Here, Margo Berdeshevksy talks to interviewer Thomas Calder about the hunt for wisdom, the hope for love and her dyslexic approach to poetry and prose.
Both of your stories deal, in part, with the disarray that time creates. You write, “I who have always thought of myself as a woman sitting at some elder's knee, listening to wisdom. She and I are old enough to advise one another. I say nothing.” How has the issue of time in your writing evolved with time?
Yes, I always thought of myself as younger than others. Odd. Maybe it was being an only child who could not communicate with her parents. Or maybe I just believed that wisdom should, and or would appear, if only I was a good hunter. I felt that for a very long time. And yes, that there was someone older, wiser, who could or might guide me. If I was a good girl. I often have made friends with people much older than myself. As though I might learn from them both how to live, (somewhat,) and even how to die.
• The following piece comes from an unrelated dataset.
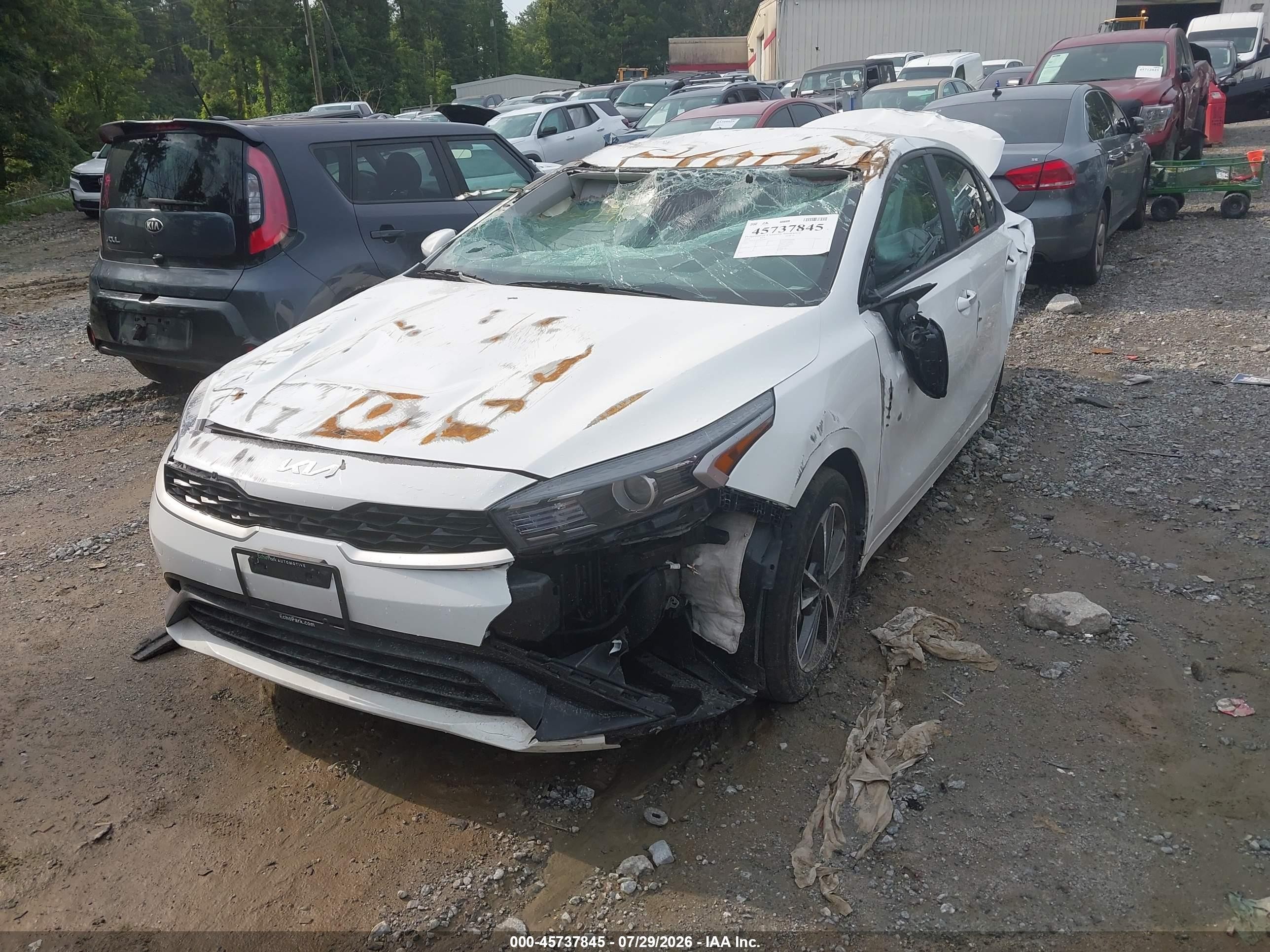 2023 Kia Forte Lxs White vin: 3KPF24AD5PE676829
It has taken a long time for me to begin to teach myself.
But ‘time” is at best, to me, nonlinear. It is rarely only sequential. It interests me in the sense of trying to comprehend the global, historically. And, because I have travelled a good deal in the world, I am interested that cultures evolve differently. That some cultures cling to what they believe is the past which was wiser than the present. And how some believe that everything has begun with themselves, as though nothing ever existed before them.
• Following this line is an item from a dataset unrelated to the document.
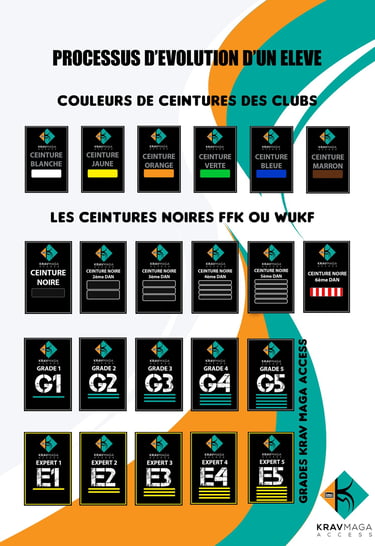 grades et ceinture krav maga access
But it defeats me, if I think of it that way, because I’m forced to admit that time on earth, for humans, has not made us wiser. Only more in need of the tiny shining thing that might come with the continuity of breathing. That might come with an experience of peace, however long that (might) last. The cynic in me says that time on earth has not made us better . . . but just more in need of love. Who are we, and why have we changed so little, in terms of our capacity for that ideal we think of as “humanity?”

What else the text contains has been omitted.